§ **TASK ITEM**
Transcribe each of the records below exactly, excluding all pictures.

Dataset records:
----------------
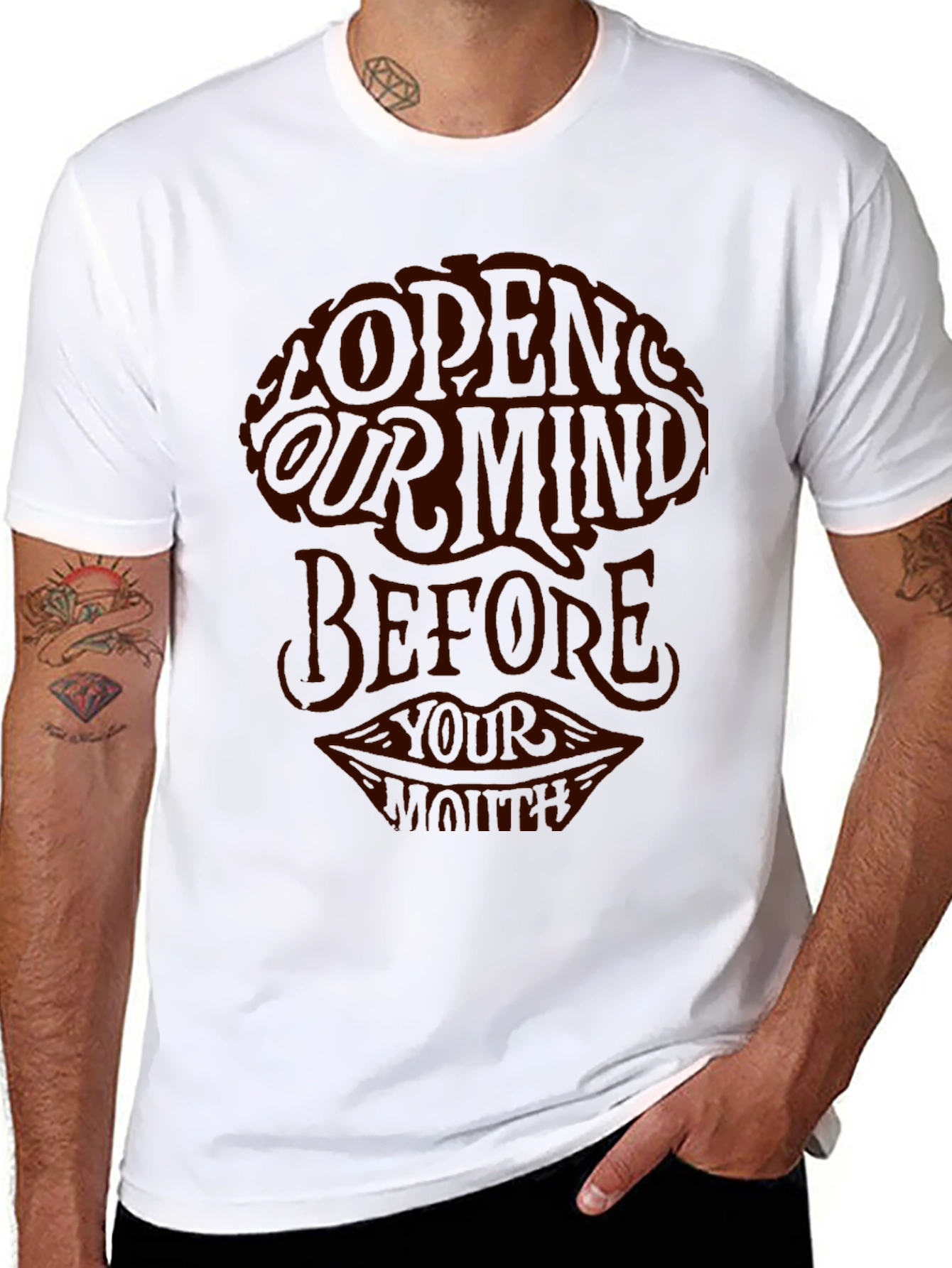 Open Your Mind Graphic Tee - Stylish Casual Wear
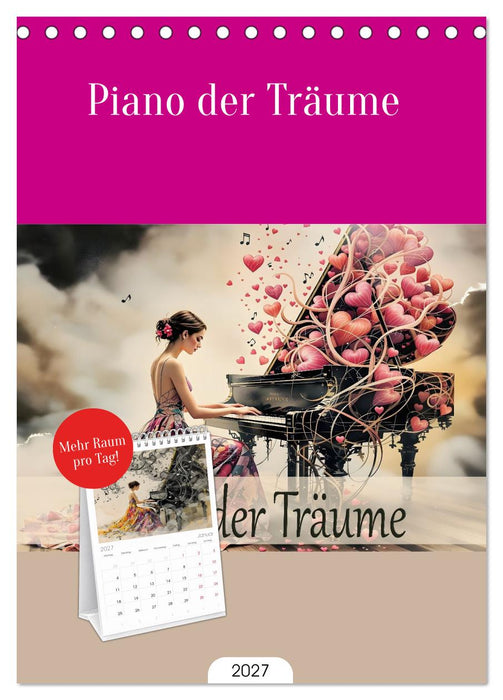 Piano der Träume (CALVENDO Tischplaner A5H 2027)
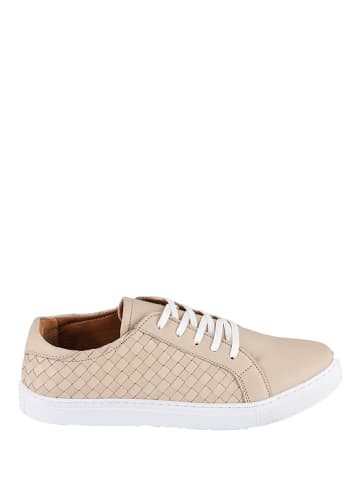 Noosy Leren sneakers beige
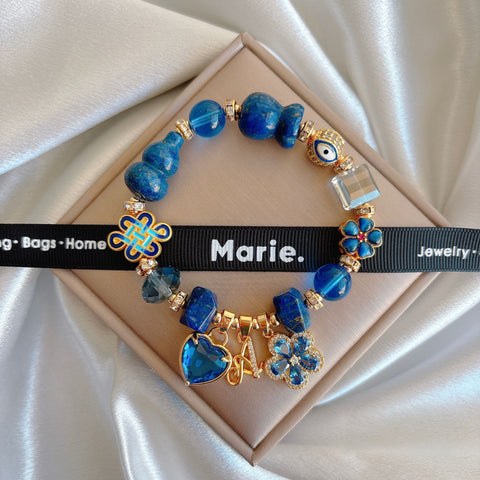Lan se Shouzhou Charm Gemstone Bracelet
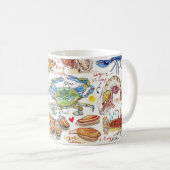Mug Coquillages Colorés (Devant droit)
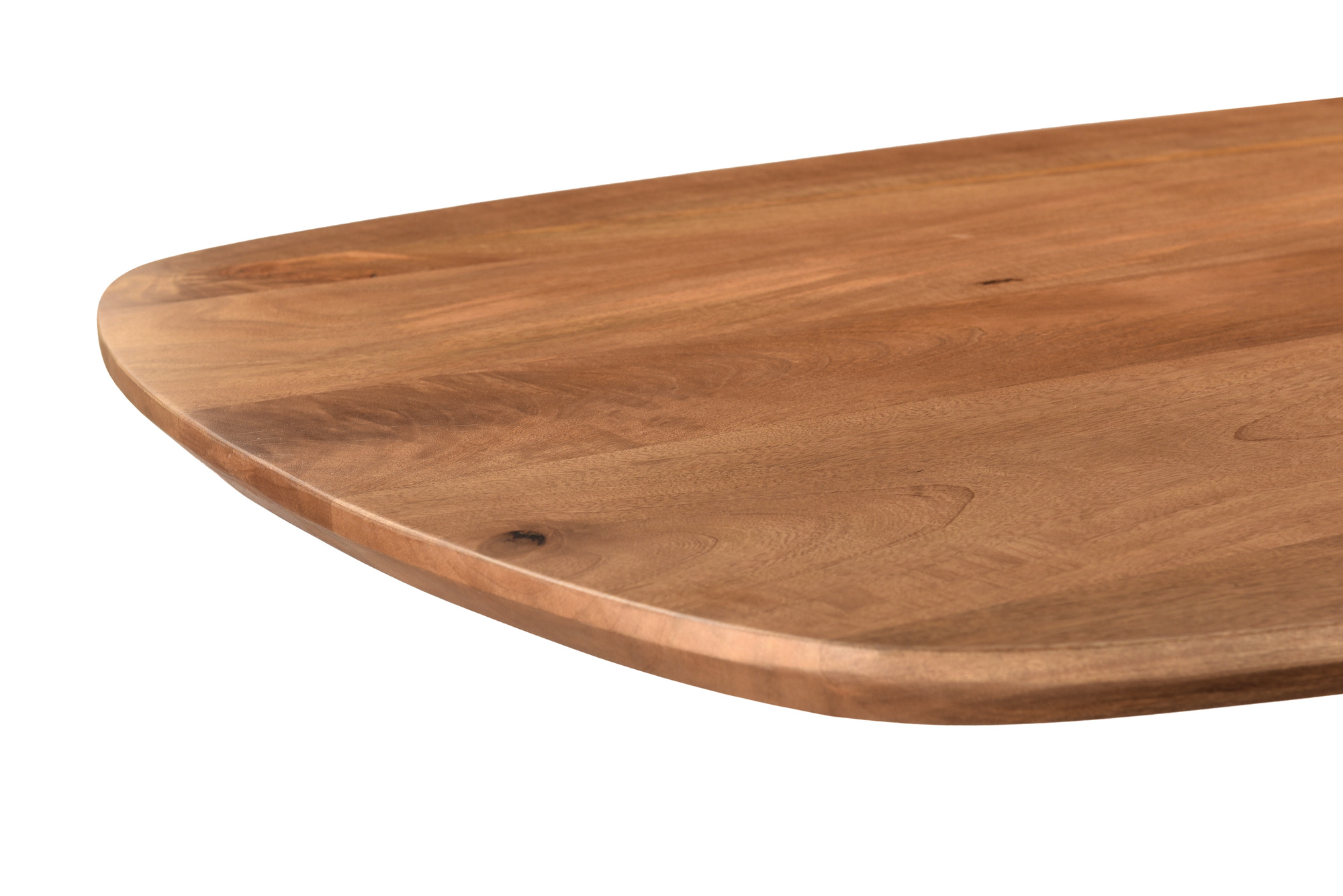 Livingfurn - Eetkamertafel Jesper Danish Oval 230cm - Mangohout / Gecoat Staal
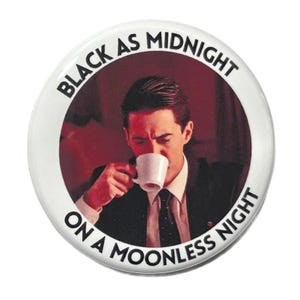 Agent Cooper - Twin Peaks Button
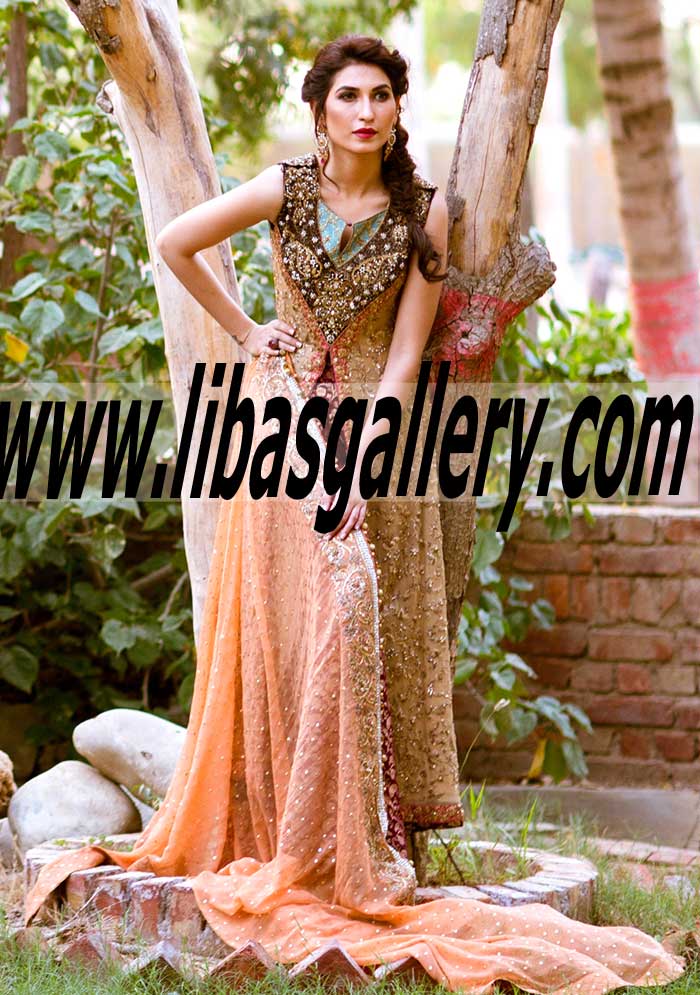 Umsha by Uzma Babar Party Wear Pakistan - Pakistani Designer Umsha by Uzma Babar Party Dresses Shalwar Kameez for Wedding and Special Occasions Oldham UK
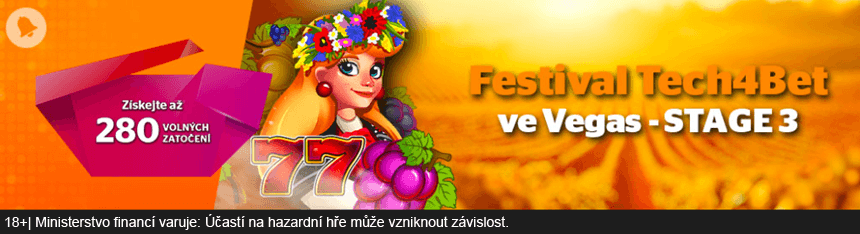 Třetí kolo Tech4Bet festivalu s free spiny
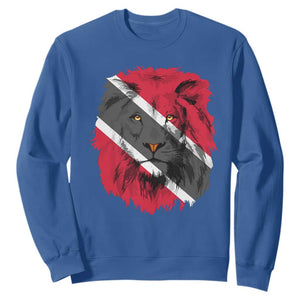 Trinidad and Tobago Flag Lion Sweatshirt Caribbean Souvenir TS10 Royal Blue Print Your Wear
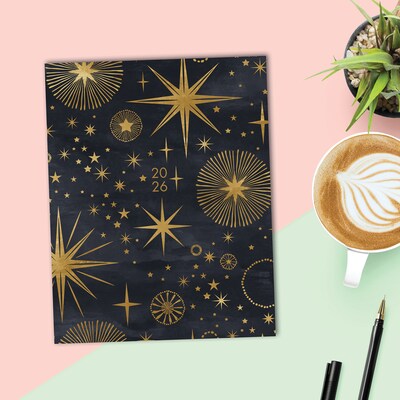 2026 Willow Creek Floral Moon 7.5" x 9.5" Monthly Planner, Paperboard Cover (57551)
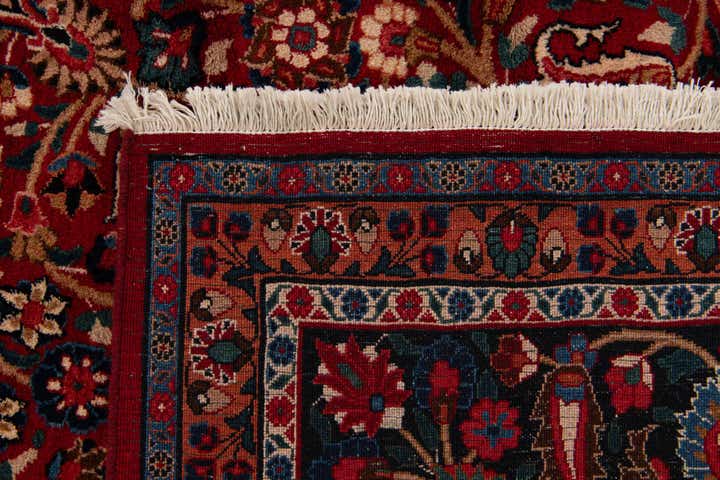 10' x 13' 3 Hand Knotted Mashad Persian Wool Rug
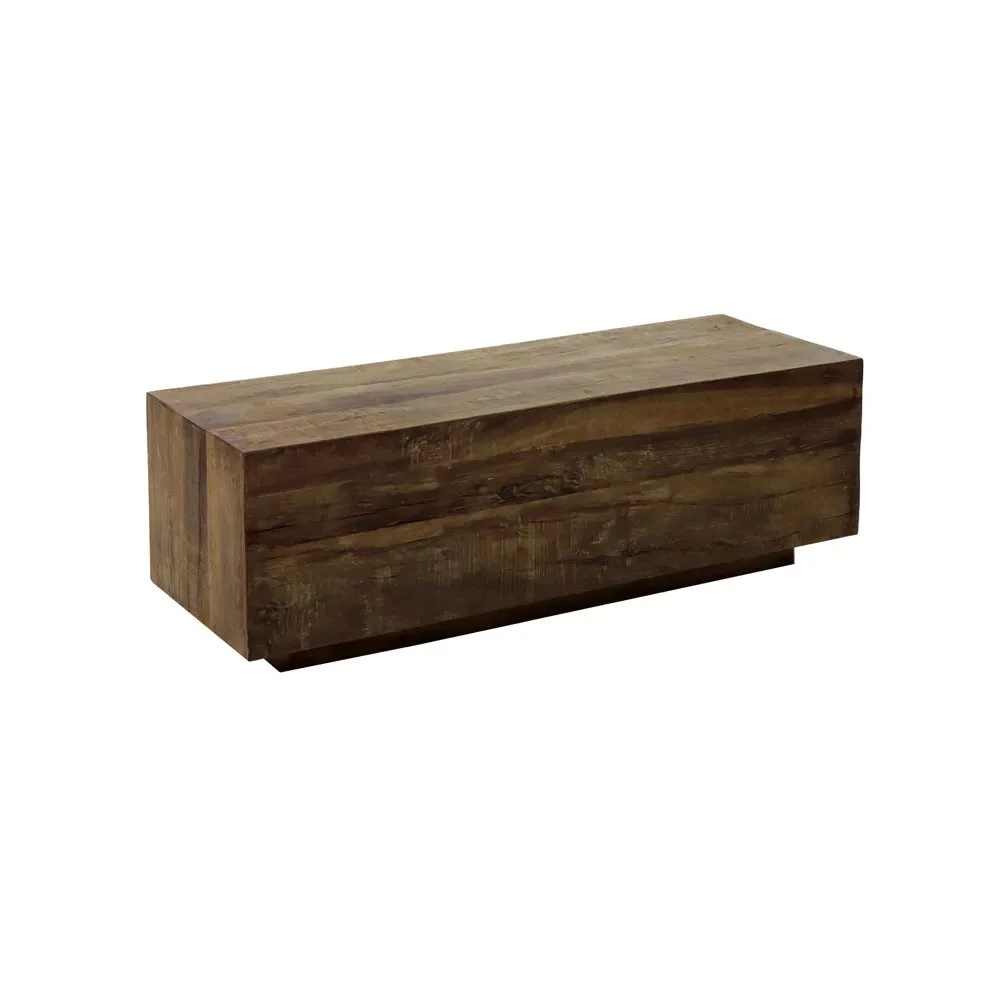 Tavolino TEMBA L 110 x L 35 x H 30 cm - marrone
----------------
§ **ANSWER AREA**
 Open Your Mind Graphic Tee - Stylish Casual Wear
 Piano der Träume (CALVENDO Tischplaner A5H 2027)
 Noosy Leren sneakers beige
Lan se Shouzhou Charm Gemstone Bracelet
Mug Coquillages Colorés (Devant droit)
 Livingfurn - Eetkamertafel Jesper Danish Oval 230cm - Mangohout / Gecoat Staal
 Agent Cooper - Twin Peaks Button
 Umsha by Uzma Babar Party Wear Pakistan - Pakistani Designer Umsha by Uzma Babar Party Dresses Shalwar Kameez for Wedding and Special Occasions Oldham UK
 Třetí kolo Tech4Bet festivalu s free spiny
 Trinidad and Tobago Flag Lion Sweatshirt Caribbean Souvenir TS10 Royal Blue Print Your Wear
 2026 Willow Creek Floral Moon 7.5" x 9.5" Monthly Planner, Paperboard Cover (57551)
 10' x 13' 3 Hand Knotted Mashad Persian Wool Rug
 Tavolino TEMBA L 110 x L 35 x H 30 cm - marrone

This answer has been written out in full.